# Color Mixing with Seven Colors to Make White



## MrsZ (Dec 11, 2012)

Okay, so here's a question. I have a theatre student who is staging a production in which she wants to use seven colors in seven smart lights which would eventually merge center stage to make white--without changing the smart light. Her production concept is amazing; however, not certain if her lighting idea will work. Is this possible? What colors could be used--and at what intensity--to create this effect. Can anyone help a non-lighting savvy teacher help her student? Imagine a circular stage with seven different colored lights following seven actors to the center of the stage. When the seven characters meet in the center the light actually merges to form white. She is attempting to use color mixing theory to support her idea.


----------



## derekleffew (Dec 11, 2012)

Well MrsZ, today is your lucky day! Here in the USA (and world-wide), we have a company called ETC-Selador. They make a variety of LED fixtures, almost all of which use seven colors of LED. Different models use slightly different colors, or differing quantities of each color, however. Each intended for a specific purpose.

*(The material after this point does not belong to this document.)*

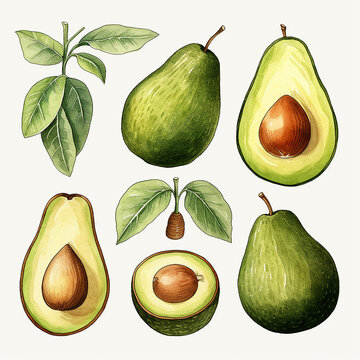 Avocado set. Hand drawn vector illustration. Isolated on white background.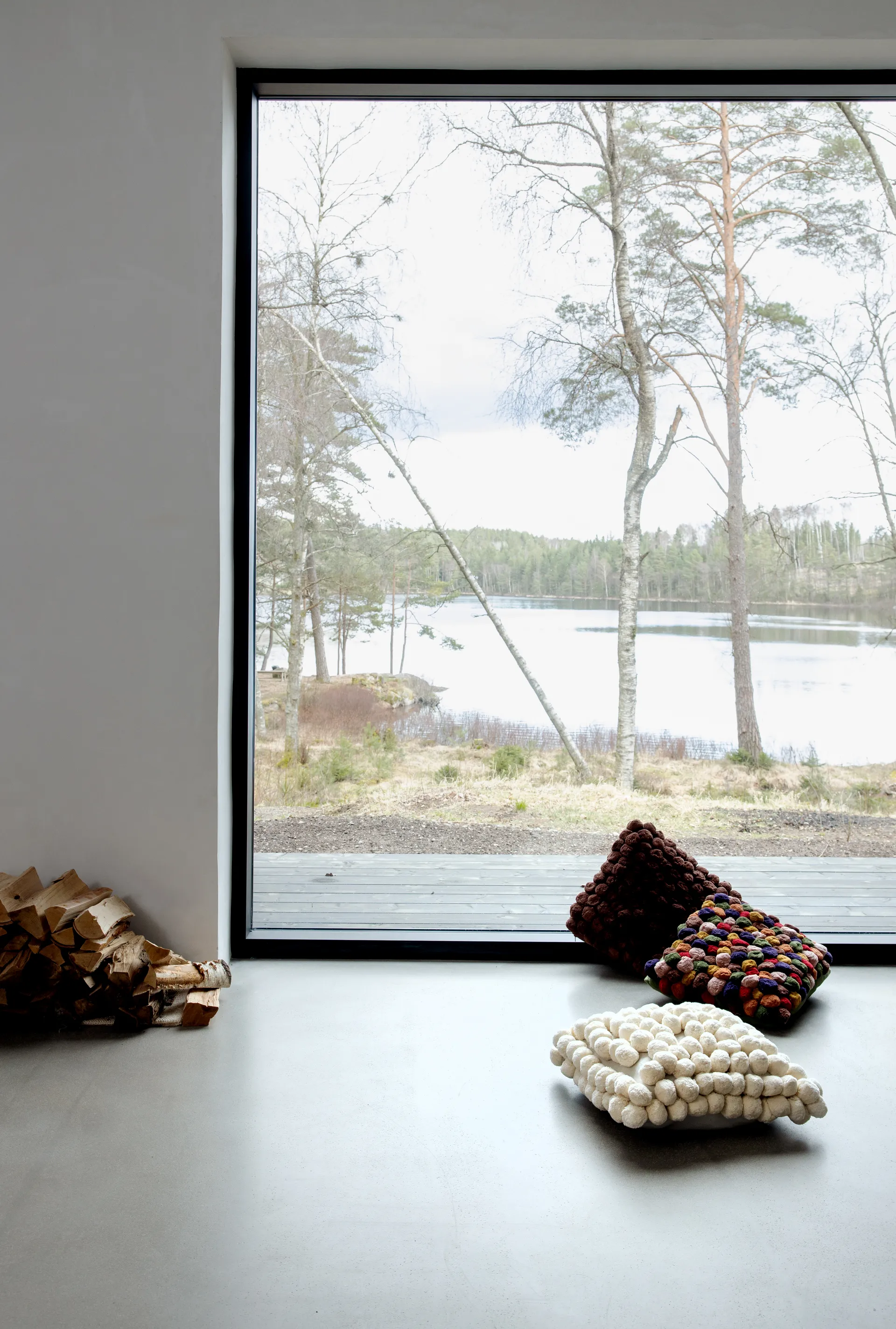 Pom Pom kudde 45x45 cm, Off white Byon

The seven colors are (for the Vivid-R, each model varies slightly: Red, Red Orange, Amber, Green, Cyan, Blue, Indigo. (Font colors VERY approximate!)

According to the SeladorToolkit iPhone app (Do you have iPhone/iPod/iPads in South Korea? I'm sure you do. It's a free app, and fun to play with.)
(for the Vivid-R), to make "WHITE" the percentages are:
Red-83%, Red Orange-100%, Amber-100%, Green-100%, Cyan-80%, Blue-61%, Indigo-0%. (For your application, you'll have to cheat a little on the Indigo and use it above 0%, your result will skew toward Blue, but you can't add more Red or Green, they're already at 100%.)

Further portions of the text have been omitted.